Means for Solving the Problems
[0013] In order to solve the above problems, a solar cell module of
the present invention is a solar cell module having a configuration
in which at least one module support member is bonded with an
adhesive to a back face protective sheet of a solar cell module
main body in which a surface substrate, a solar cell, a sealing
material, and the back face protective sheet are laminated in
sequence one above another, wherein a corner portion formed by a
face of the module support member that faces the back face
protective sheet and each side face of the module support member is
formed in a cut-out shape.
[0014] Also, in the solar cell module of the present invention, a
corner portion formed by a face of the module support member that
faces the back face protective sheet and two adjacent side faces of
the module support member is formed in a cut-out shape.
[0015] Here, the shape of the module support member may be an H
shape or an I shape. The cut-out shape of the corner portion may be
a chamfered shape such as an R-chamfered or C-chamfered shape, or a
stepped shape.
[0016] Specifically, if the corner portion formed by the face
(bottom face) of the module support member that faces the back face
protective sheet and each side face of the module support member is
formed in a chamfered shape, the corner portion has no
sharp-pointed part. This improves insulation between the module
support member and a metal layer (Al layer) of the back face
protective sheet. In the case where the corner portion is formed in
a stepped shape, although a sharp-pointed part remains, that part
is located away from the back face protective sheet. Increasing the
distance between a sharp-pointed part and the back face protective
sheet in this way improves insulation between the module support
member and the metal layer (Al layer) of the back face protective
sheet.
[0017] Also, the feature of the solar cell module according to the
present invention is that a corner portion formed by side faces of
the module support member that stand upright from a face of the
module support member that faces the back face protective sheet is
cut into a polygonal or arc shape having an angle of more than 90
degrees.
[0018] Also, in the configuration according to the present
invention, a cut-out part of the corner portion is covered with the
adhesive. A configuration is also possible in which an area
including a cut-out part of the corner portion and up to each side
face is covered with the adhesive.
[0019] Covering the cut-out part of the corner portion with an
adhesive having insulating properties, such as a silicone resin, in
this way reliably improves insulation between the module support
member and the metal layer (Al layer) of the back face protective
sheet. In this case, if the configuration is such that an area up
to the side faces beyond the cut-out part of the corner portion is
further covered with the adhesive, insulation between the module
support member and the metal layer (Al layer) of the back face
protective sheet can further be improved.

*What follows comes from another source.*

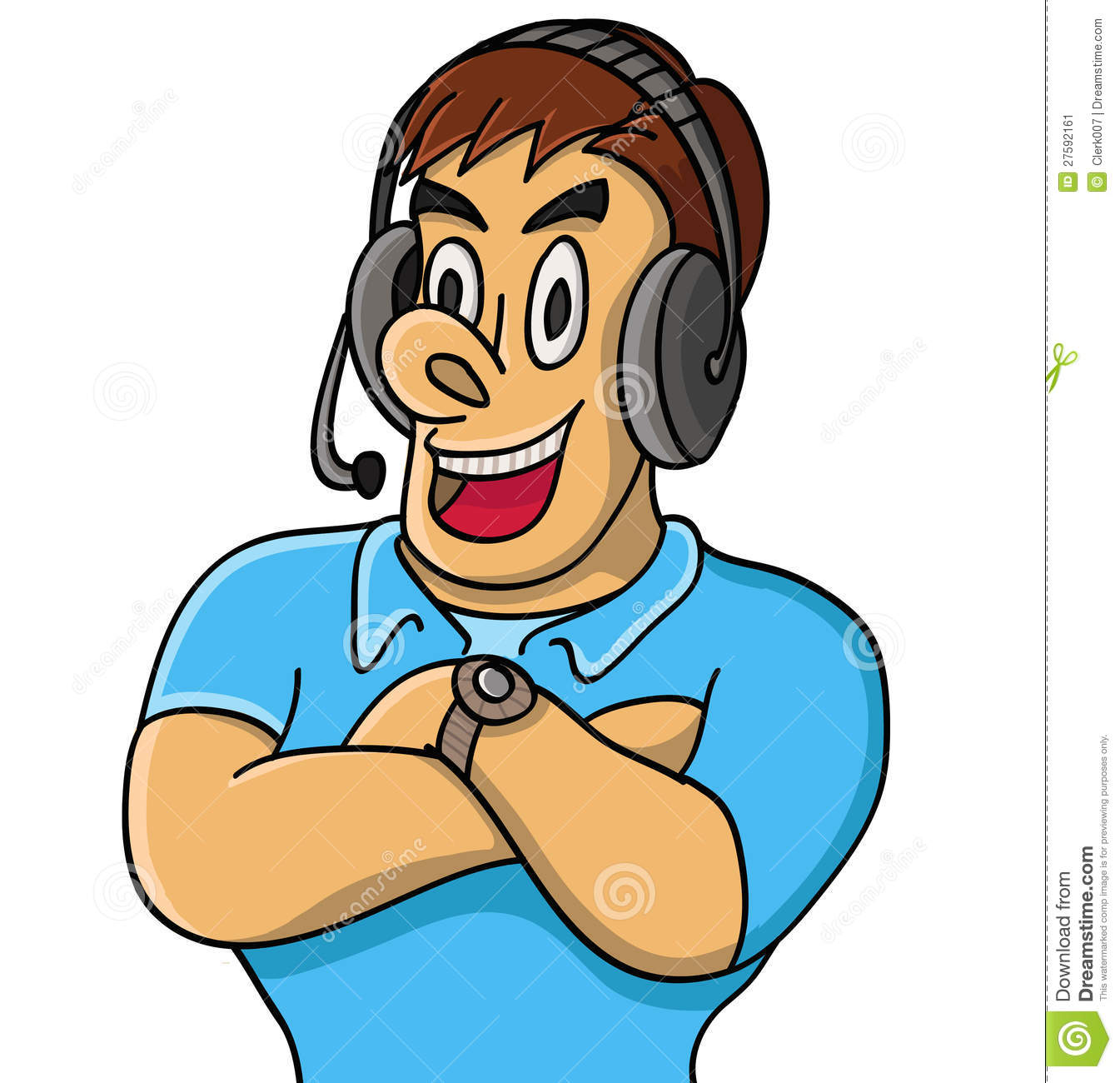 Illustration Of A Man With Headphone And Mic Talking To A Customer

[0020] Here, if a viscous adhesive that is fluid during bonding is
used as the adhesive, bonding pressure applied when the back face
protective sheet and the module support member are bonded to each
other causes the adhesive to flow to the cut-out part of the corner
portion of the module support member and further to flow climbing
up along the side faces of the corner portion, thus causing the
cut-out part and the side faces to be covered with the adhesive.
Note that favorable examples of such an adhesive include a silicone
resin and an epoxy resin, and the adhesive may also be a bonding
member using a base material (such as a double-sided tape).

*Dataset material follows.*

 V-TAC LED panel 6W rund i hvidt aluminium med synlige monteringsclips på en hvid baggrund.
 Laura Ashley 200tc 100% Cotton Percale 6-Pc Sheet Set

Furthermore, a kneading thing such as putty and paste may be used
as an adhesive.
Effects of the Invention
[0021] According to the present invention, a corner portion formed
by the face of the module support member that faces the back face
protective sheet and each side face of the module support member,
and a corner portion formed by the face of the module support
member that faces the back face protective sheet and two adjacent
side faces of the module support member are formed in a cut-out
shape. This eliminates sharp-pointed parts of the corner portions
and consequently improves insulation between the module support
member and the metal layer (Al layer) of the back face protective
sheet.
BRIEF DESCRIPTION OF DRAWINGS
[0022] FIG. 1 is a perspective view showing the overall
configuration of a solar cell module according to the present
invention.
[0023] FIG. 2 is a cross-sectional view of an end portion of a
solar cell module main body.
[0024] FIG. 3 is an exploded perspective view of a portion A in
FIG. 1.
[0025] FIG. 4 is a cross-sectional view of a frame constituting a
frame body.
[0026] FIG. 5 is a perspective view showing one end portion of a
module support member at an increased size.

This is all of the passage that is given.